BTW - AHB swarms are about as feisty as a typical EHB established colony. They are not docile like EHB swarms usually are.


----------



## brdmkr (Mar 22, 2013)

Thanks for your advice. I think I will build swarm traps today. I had wondered about requeening. I suppose if I thought the swarm was to aggressive, I could just give them a new (bred) queen.


----------



## stan.vick (Dec 19, 2010)

brdmkr said:


> Thanks for your advice. I think I will build swarm traps today. I had wondered about requeening. I suppose if I thought the swarm was to aggressive, I could just give them a new (bred) queen.

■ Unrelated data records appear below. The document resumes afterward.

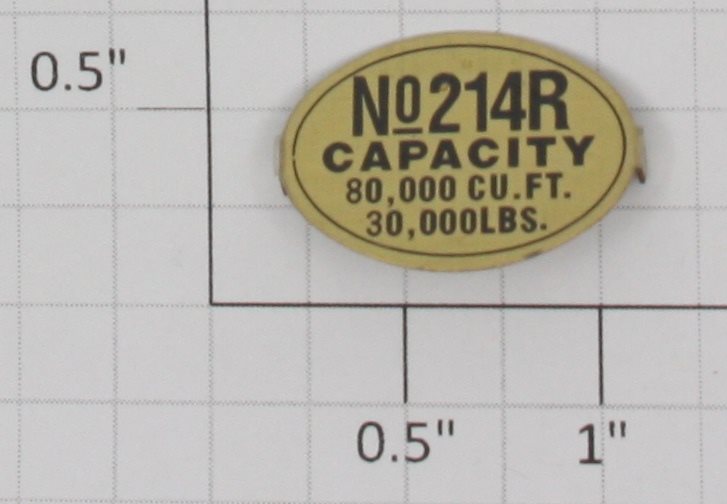 Lionel 214R-2 Brass Capacity Nameplate for Refrigerated Car-Alternate
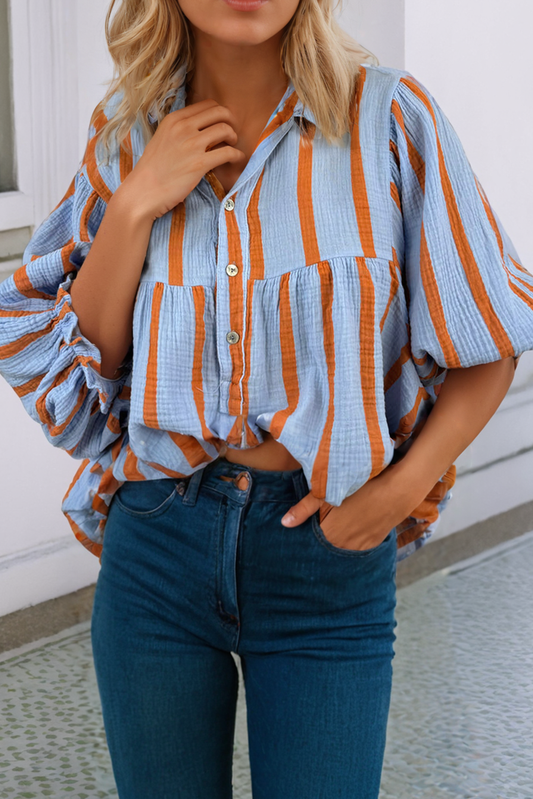 The Jill Stripe Ruffled Button Up Loose Fit Shirt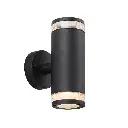 Led fasādes gaismeklis NORDLUX BIRK DOUBLE, 28W GU10, melns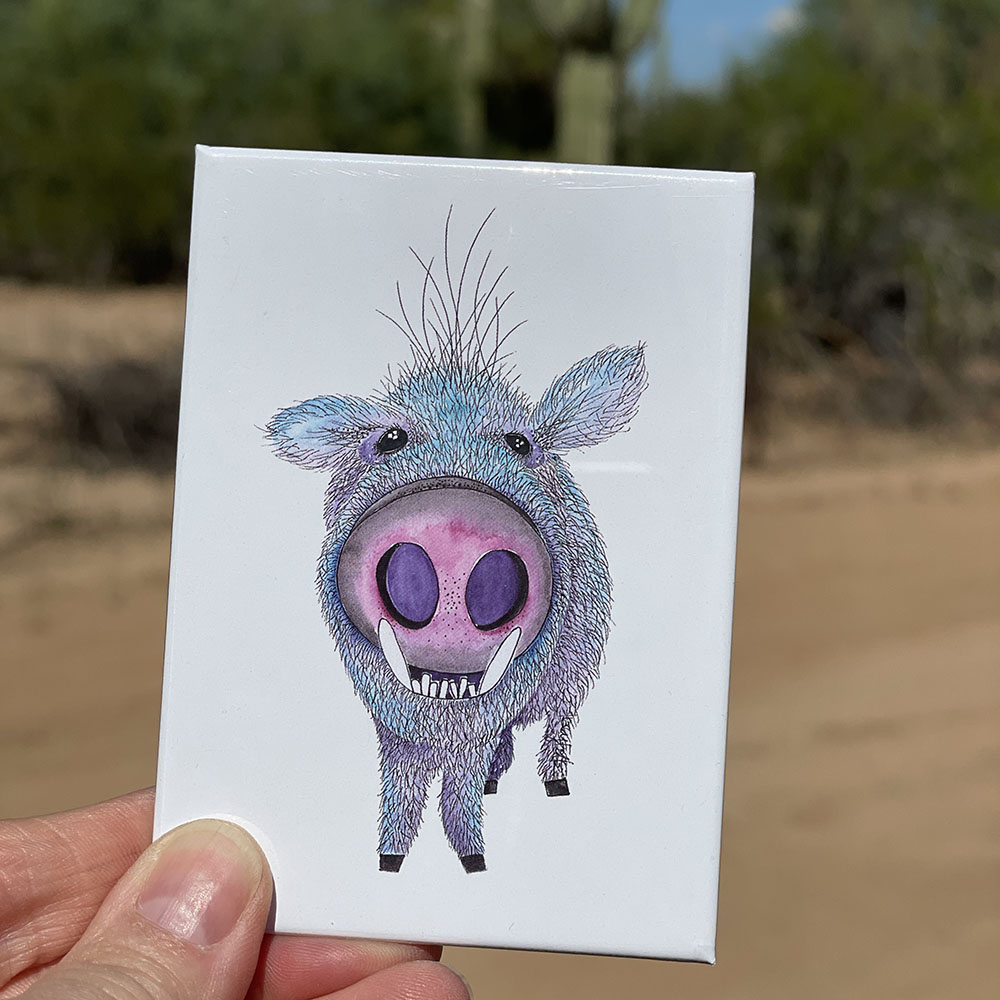 Javelina Blue Rectangle | Hard Magnet | Zinnia Sky Studio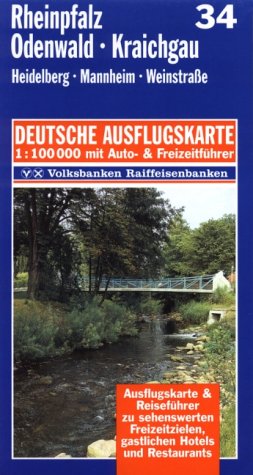 Rheinpfalz, Odenwald, Kraichgau 1 : 100 000. Deutsche Ausflugskarte. Blatt 34. Heidelberg, Mannheim, Weinstraße. Maps & Plans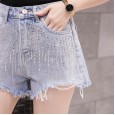 Summer new high waist a word bright diamond denim shorts female raw edge was thin wide leg hot pants
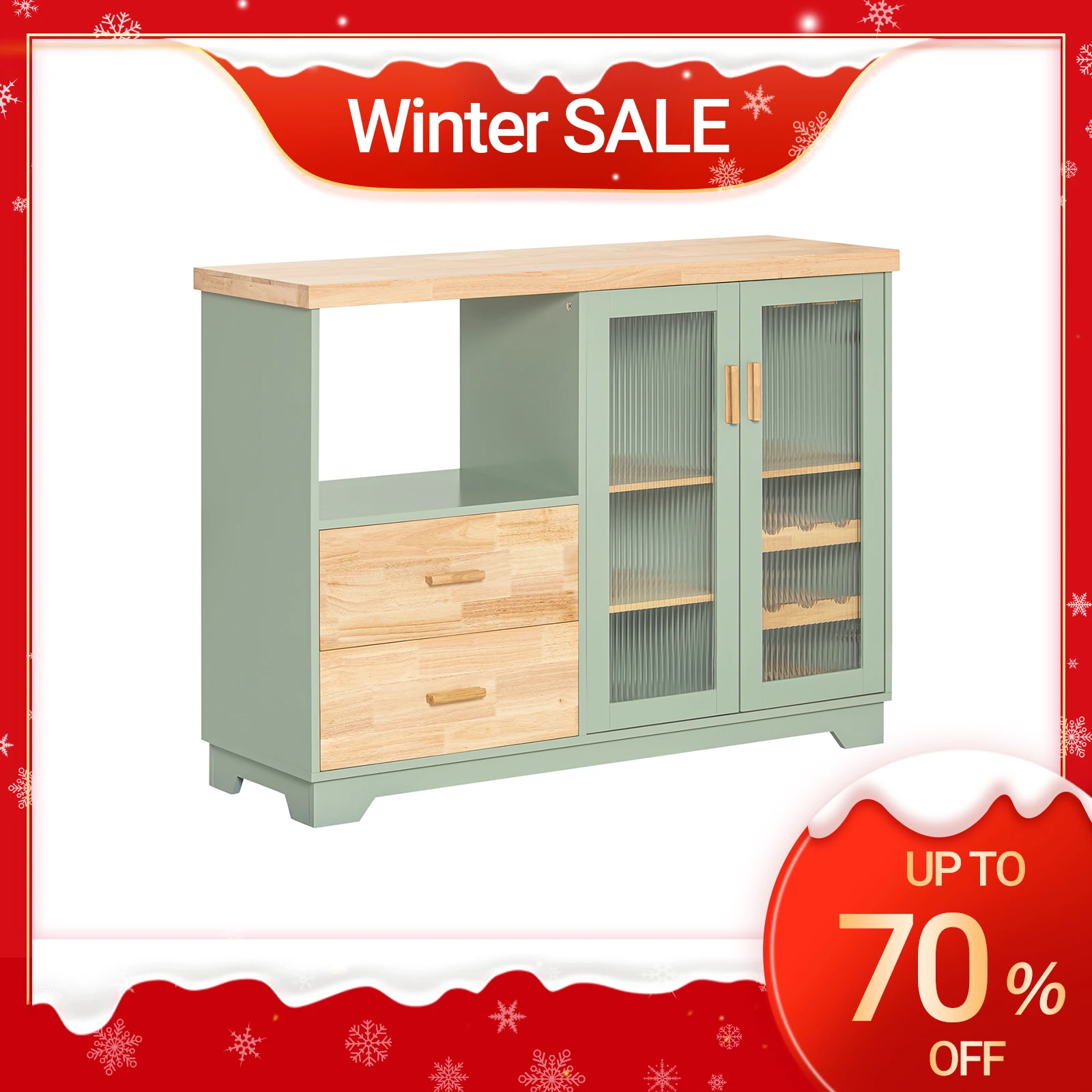 SoBuy FSB81 Buffet Sideboard mit 2 Glastüren Küchenschrank Kommode Schrank Flurschrank Beistellschrank Mikrowellenschrank Image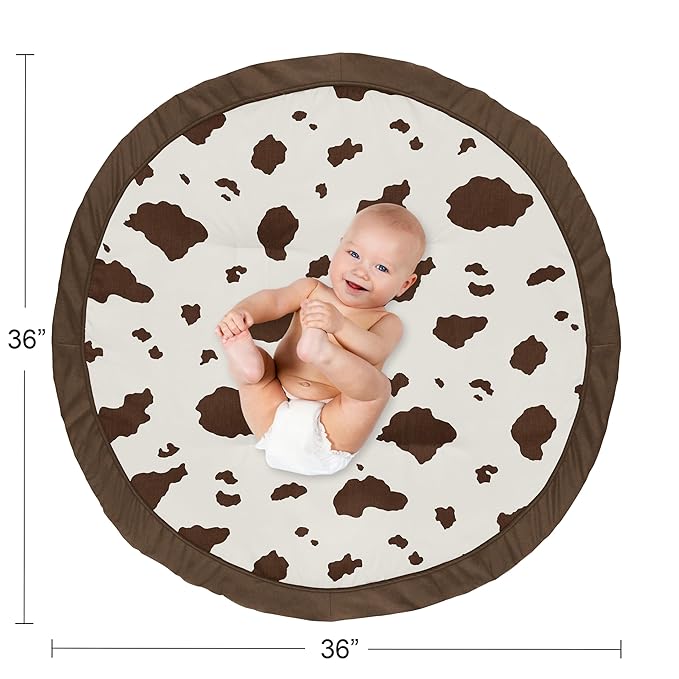 Sweet Jojo Designs Cow Print Girl Boy Gender Neutral Baby Play Mat Tummy Time Activity Infant Playmat Playpen Tent Teepee Floor Brown Vintage Animal Print for Western Cowgirl Wild West Southwest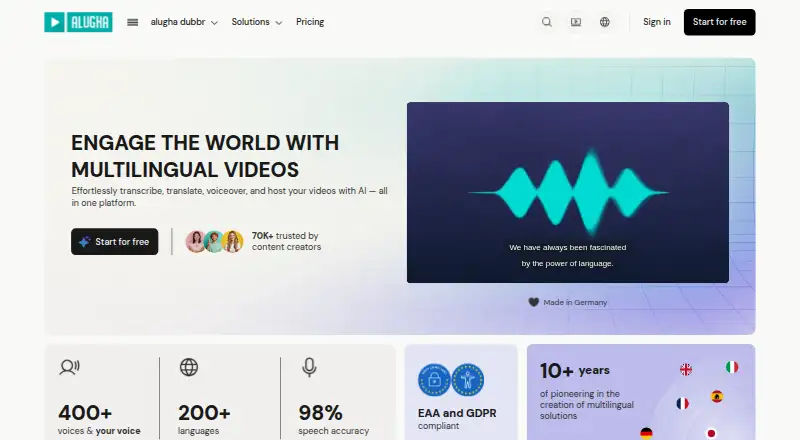 alugha Video Platform's website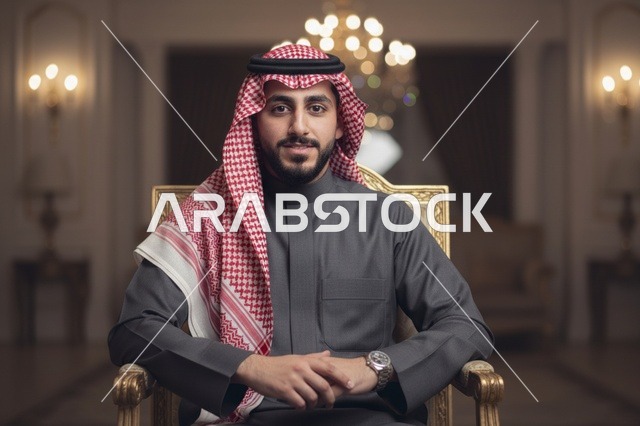 رجل سعودي بالثوب الرمادي والشماغ التقليدي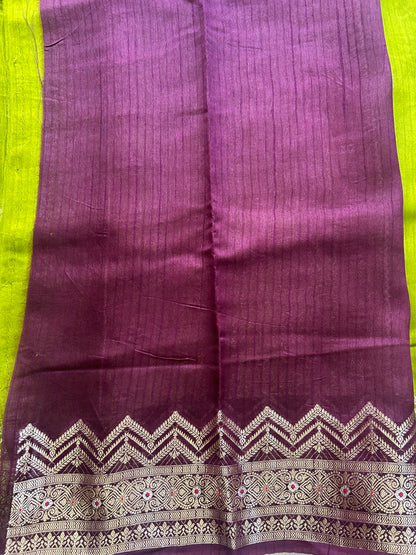 Banarasi Fancy Saree Olive Green Colored Complemented with a Gold Zari Border. - Sampradaya Designer Studio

 Welcome to beekeeping, this is my forth year keeping bees. I live about the same distance from the port of savannah that you do. Africanized bees are know to enter the U.S. by ship. I started with purchased bees, but I am having much better survival rates now after catching swarms and doing cut outs. I have even taken several virgin queens to the middle of fort stewart [ 280,000 acres] and left them to mate with feral bees, I would then bring them back and use them for future breeding purposes. I only had one colony from a swarm that was exceptionly aggresive. I moved the hive to another property where it was alone and feed them constantly for a few weeks until they swarmed and the old queen went elsewhere, after a few weeks they calmed down and turned out to be my best producers. Good luck with the bees.


----------